Oh Storm Storm…You gave me 12 extraordinary years together. You’ve been there for me through the best times of my life and through the worst times of my life. I miss you so very much, my friend.
I look for you everywhere. There isn’t a place that doesn’t remind me of you being there. The toy basket has all your blue balls in there. That was never the case because you had them scattered all over the place at your leisure.
I always think about our first night together. We were best friends from moment I picked you up. We stayed up together most of that night. I would only try to sneak away while you were sleeping, and you’d follow me every time. I had no idea at the time, that you would spend your life following me and being my constant companion. Everywhere I went you were by my side. You traveled with me everywhere. I remember your first airplane ride, you were still a puppy, you fit perfectly in your pretty bag, and you flirted your way up on your own seat. The flight attendants couldn’t get enough of you, and you soaked up the attention.
I admired the strength you had to fight all your ailments. Every time the vets would up your dose of phenol, they’d always state how groggy you might get, but I knew nothing stopped you. There was an ongoing saying that you were going to outlive me. I never considered a future that didn’t include you.
We were always at your beck and call. You commanded all the attention by stomping your right paw, and we’d be right there for you.
You were such a loving friend. There wasn’t a person, or an animal you didn’t love. You cleaned the cats so often that you required a dental nearly every 6 months, and the vet always mentioned an unusual amount of hair removal that came from your mouth.
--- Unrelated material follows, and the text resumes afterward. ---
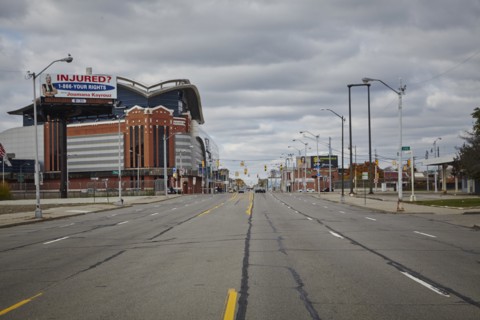 The city of Detroit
How could anyone stop you. You loved so much to spend your evenings cleaning Posie, Newman & Morris.
You were so vocal and even musically talented. You sang so much, it drove us crazy sometimes. I knew we were all in the company of true talent, when you sang to the news theme on channel 40 every time it came on. I’d give anything to hear you sing again, my friend.
You checked on me often, even up to the last night you were with me, you checked on me to make sure I’d be alright. I was upset because you wouldn’t rest, you needed your rest and you were always looking up at me. It wasn’t until I assured you that’d I’d be ok that you finally slept.
We miss you Storm and I can’t wait for the day we’re together again. I love you.